DoNotPay, the company founded in 2015 by a London teenager who developed a “robot lawyer” to help people automatically appeal parking tickets, said last week that it had raised $4.6 million in a funding round backed by a number of big-name Silicon Valley investors.

Founder Joshua Browder, now 22 and based in the San Francisco area, said in a July 3 tweet that he had raised the seed round from venture capital firms Andreessen Horowitz and Founders Fund — both early investors in Facebook — as well as Greylock Ventures, Felicis Ventures, Index Ventures, Tuesday Capital and various individual investors.

Browder was a guest last October on my LawNext podcast, where he discussed his goal of enabling robots and technology to help people with most of their common legal problems.

“If you’re a normal person who’s not accused of murder, who doesn’t need to be in the Supreme Court, I don’t want you to even have to interact with a lawyer,” he told me then. “ … There’s no reason why, if your landlord keeps your security deposit, it should be so complicated to get justice.
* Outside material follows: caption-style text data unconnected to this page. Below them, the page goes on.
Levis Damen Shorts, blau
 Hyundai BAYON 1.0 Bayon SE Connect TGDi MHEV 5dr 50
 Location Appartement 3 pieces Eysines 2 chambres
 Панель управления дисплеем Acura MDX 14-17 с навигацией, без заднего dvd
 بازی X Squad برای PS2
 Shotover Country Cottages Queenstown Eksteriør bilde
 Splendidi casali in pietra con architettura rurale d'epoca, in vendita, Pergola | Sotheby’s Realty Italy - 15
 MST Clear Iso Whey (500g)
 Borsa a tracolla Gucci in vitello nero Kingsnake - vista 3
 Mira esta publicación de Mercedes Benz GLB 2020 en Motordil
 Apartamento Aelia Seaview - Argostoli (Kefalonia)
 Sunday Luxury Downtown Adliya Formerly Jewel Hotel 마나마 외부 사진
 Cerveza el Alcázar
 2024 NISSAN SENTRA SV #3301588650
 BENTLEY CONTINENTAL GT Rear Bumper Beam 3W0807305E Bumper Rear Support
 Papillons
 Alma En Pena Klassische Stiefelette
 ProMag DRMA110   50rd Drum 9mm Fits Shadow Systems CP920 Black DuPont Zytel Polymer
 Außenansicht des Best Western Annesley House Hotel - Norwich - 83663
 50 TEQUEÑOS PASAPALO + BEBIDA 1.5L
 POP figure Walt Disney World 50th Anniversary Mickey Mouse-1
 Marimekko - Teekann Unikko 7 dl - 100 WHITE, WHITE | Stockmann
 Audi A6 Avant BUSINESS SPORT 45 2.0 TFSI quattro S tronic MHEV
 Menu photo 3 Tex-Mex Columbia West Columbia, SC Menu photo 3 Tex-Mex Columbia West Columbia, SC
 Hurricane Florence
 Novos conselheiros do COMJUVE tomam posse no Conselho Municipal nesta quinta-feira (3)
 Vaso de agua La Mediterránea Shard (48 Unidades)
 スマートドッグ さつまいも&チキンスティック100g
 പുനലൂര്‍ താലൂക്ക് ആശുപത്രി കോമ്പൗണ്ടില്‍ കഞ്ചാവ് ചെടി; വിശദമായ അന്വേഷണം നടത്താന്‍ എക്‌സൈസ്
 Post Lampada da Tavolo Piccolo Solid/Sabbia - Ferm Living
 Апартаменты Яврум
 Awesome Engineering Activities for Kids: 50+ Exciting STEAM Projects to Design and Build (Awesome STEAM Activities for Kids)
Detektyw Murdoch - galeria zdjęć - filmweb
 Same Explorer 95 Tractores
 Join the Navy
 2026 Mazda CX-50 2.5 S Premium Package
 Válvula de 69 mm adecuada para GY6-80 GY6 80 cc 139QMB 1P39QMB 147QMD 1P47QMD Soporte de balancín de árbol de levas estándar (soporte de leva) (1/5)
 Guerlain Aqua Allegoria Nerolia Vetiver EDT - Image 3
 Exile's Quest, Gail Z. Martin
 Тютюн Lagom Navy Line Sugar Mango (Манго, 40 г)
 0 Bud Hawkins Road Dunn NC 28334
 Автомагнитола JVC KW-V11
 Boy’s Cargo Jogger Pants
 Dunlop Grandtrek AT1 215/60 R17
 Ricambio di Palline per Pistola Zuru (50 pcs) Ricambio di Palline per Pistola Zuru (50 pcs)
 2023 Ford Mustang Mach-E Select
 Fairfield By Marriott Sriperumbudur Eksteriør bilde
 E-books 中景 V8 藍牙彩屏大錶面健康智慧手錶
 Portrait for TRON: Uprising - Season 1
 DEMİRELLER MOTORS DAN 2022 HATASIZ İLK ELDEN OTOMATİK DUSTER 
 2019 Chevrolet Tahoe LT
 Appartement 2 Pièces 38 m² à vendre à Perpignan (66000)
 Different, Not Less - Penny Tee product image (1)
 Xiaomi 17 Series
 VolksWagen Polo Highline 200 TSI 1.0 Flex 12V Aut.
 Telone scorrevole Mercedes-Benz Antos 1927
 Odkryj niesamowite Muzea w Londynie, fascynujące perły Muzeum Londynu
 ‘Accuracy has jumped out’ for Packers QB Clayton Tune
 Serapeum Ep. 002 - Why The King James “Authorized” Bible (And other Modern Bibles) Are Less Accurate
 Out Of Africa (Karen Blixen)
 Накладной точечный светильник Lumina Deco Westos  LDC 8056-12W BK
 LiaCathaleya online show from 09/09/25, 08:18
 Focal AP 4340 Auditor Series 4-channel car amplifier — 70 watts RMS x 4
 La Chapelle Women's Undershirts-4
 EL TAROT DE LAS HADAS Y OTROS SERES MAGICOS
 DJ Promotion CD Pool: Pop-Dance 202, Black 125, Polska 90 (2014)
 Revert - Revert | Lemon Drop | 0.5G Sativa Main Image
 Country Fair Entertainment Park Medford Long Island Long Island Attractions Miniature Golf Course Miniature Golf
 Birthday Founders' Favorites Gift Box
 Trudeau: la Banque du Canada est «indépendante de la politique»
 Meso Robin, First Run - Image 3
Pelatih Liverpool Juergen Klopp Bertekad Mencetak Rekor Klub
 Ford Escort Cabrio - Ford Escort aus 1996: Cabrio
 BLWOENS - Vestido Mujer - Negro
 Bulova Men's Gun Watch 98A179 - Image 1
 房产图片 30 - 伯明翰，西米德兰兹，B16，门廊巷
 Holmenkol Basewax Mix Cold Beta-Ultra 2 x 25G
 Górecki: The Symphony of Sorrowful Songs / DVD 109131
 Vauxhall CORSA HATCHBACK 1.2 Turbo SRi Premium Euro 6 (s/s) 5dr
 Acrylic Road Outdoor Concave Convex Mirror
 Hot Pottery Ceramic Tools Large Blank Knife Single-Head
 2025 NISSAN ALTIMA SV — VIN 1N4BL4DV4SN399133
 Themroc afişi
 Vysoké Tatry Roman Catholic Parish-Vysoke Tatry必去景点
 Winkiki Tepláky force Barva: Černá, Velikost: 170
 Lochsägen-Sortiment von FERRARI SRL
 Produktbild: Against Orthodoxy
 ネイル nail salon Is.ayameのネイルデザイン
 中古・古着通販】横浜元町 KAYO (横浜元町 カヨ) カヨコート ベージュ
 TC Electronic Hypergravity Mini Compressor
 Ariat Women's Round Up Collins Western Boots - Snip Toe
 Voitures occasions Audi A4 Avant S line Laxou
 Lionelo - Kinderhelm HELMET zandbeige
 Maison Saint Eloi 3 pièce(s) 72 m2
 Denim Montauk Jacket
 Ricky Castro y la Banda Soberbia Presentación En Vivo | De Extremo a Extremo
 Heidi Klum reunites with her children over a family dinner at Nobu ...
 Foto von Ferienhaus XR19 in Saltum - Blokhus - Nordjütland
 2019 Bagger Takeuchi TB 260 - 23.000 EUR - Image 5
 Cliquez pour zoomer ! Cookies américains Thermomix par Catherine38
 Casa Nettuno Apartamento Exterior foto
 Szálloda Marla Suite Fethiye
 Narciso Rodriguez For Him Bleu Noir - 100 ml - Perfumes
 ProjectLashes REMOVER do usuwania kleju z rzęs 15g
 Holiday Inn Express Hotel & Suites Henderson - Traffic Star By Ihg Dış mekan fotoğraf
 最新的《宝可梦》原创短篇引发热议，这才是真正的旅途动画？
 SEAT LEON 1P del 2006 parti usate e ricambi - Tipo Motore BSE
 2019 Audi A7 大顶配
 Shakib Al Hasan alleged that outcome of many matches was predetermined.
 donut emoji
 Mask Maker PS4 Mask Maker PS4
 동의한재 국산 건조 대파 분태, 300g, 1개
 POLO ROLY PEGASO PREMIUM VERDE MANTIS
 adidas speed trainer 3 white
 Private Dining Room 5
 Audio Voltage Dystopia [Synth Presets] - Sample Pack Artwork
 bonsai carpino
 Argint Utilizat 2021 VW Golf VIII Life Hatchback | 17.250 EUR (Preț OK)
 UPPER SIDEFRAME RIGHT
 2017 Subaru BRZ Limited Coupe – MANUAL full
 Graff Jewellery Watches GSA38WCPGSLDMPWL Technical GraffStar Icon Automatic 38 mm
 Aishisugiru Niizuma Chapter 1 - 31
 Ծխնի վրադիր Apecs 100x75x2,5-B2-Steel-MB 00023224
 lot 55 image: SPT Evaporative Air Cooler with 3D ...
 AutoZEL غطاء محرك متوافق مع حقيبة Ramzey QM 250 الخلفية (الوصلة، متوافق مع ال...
So everything that a consumer would want from the legal system, I want to provide for free.”

When we recorded that, DoNotPay had just released an iOS app that offered an array of consumer-help products, including one designed to help individuals file an action in any small claims court in the United States.

Other uses of the app include fighting unfair bank, credit card and overdraft fees; claiming hidden government and class action settlement money; fixing credit report errors; and sue big tech companies for every data breach.

Investment firm Andreessen Horowitz — known for its early investments in some of technology’s hottest companies — has made significant investments in recent years in legal technology companies. In 2016, it led an $8.1 million Series A round for e-discovery company Everlaw and then again participated in a $25 million Series B for Everlaw in 2018. Last year, it led a $65 million round for the law firm/tech company hybrid Atrium.

Founders Fund, led by PayPal founder and former CEO Peter Thiel, has also shown interest in the legal technology sector, with Thiel having made investments in legal research platform Judicata and litigation funding company Legalist.

DoNotPay previously raised $1.1 million in 2017.